Exercise data: Begin
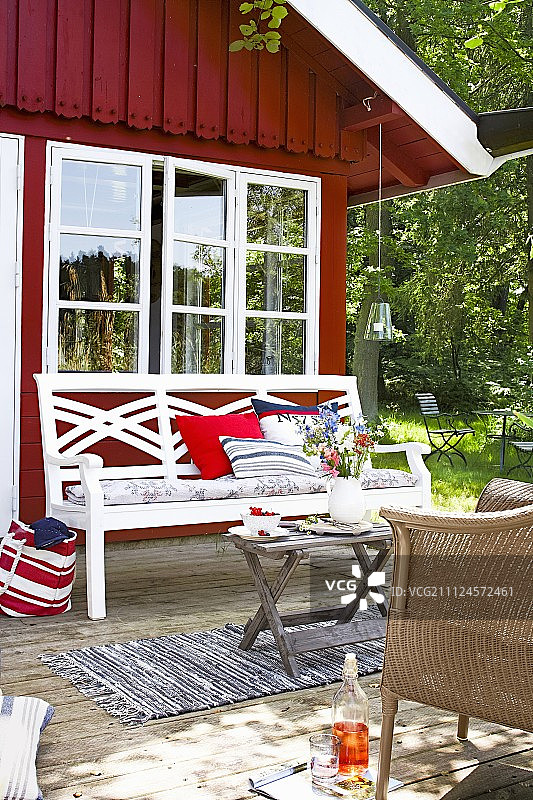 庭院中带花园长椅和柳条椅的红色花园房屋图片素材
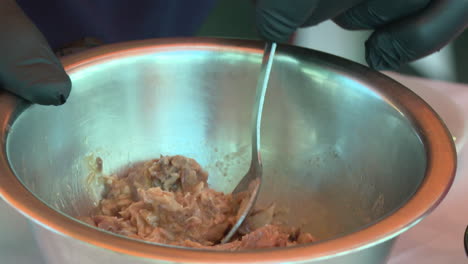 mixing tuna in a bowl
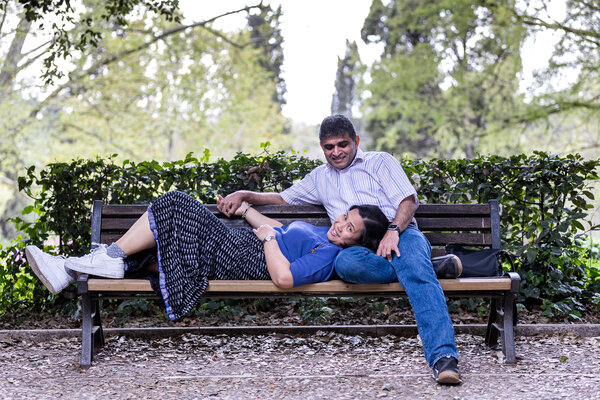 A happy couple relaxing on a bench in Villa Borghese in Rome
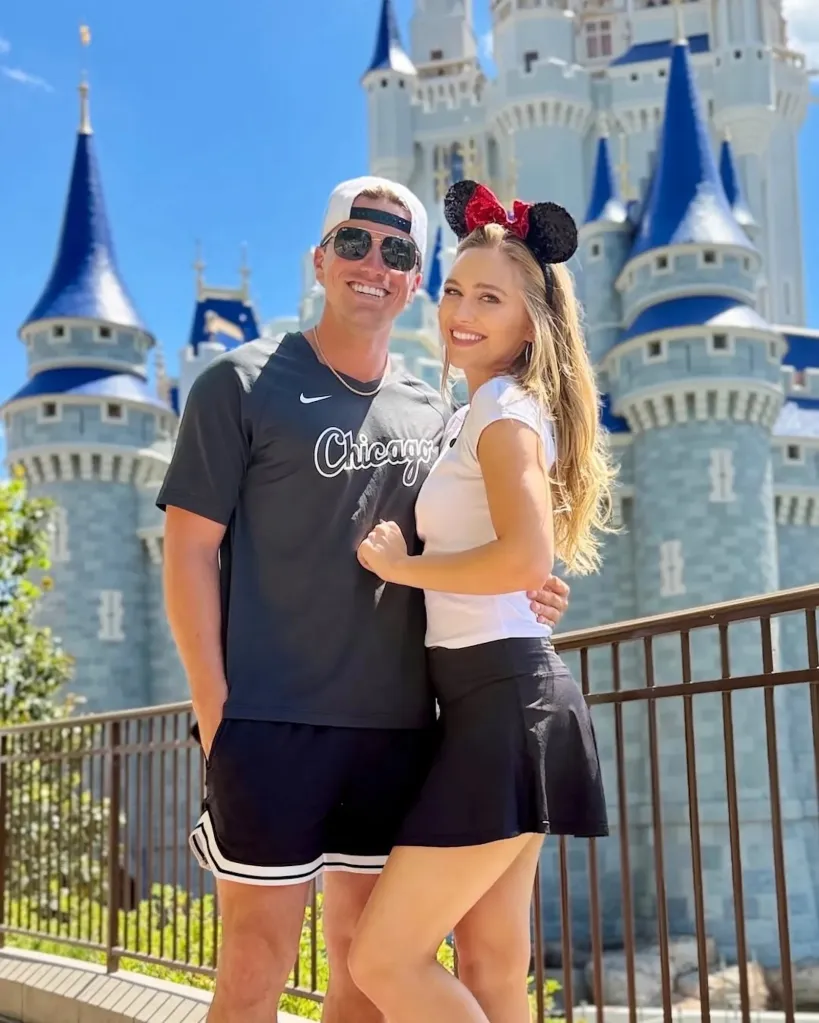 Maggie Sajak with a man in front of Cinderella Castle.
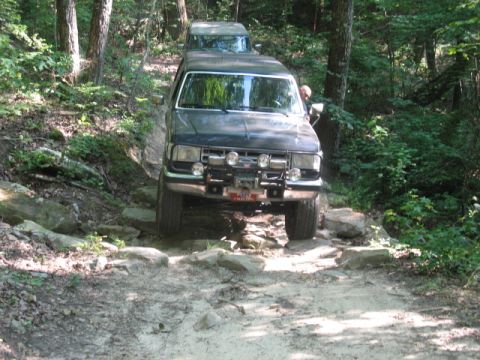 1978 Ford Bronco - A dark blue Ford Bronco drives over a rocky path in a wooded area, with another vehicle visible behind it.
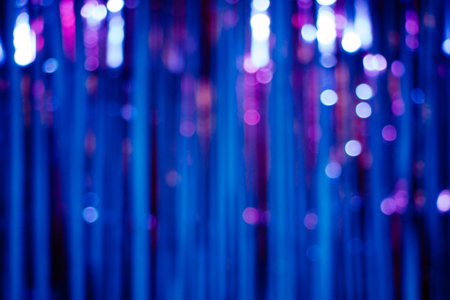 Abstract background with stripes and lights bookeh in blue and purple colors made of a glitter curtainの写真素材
Exercise data: End
**Action item**
Quote, please, only the lines running from the one with "A happy couple" down to the final line of the data above, keeping both ends and skipping the pictures.

**Written answer**
 A happy couple relaxing on a bench in Villa Borghese in Rome
 Maggie Sajak with a man in front of Cinderella Castle.
 1978 Ford Bronco - A dark blue Ford Bronco drives over a rocky path in a wooded area, with another vehicle visible behind it.
 Abstract background with stripes and lights bookeh in blue and purple colors made of a glitter curtainの写真素材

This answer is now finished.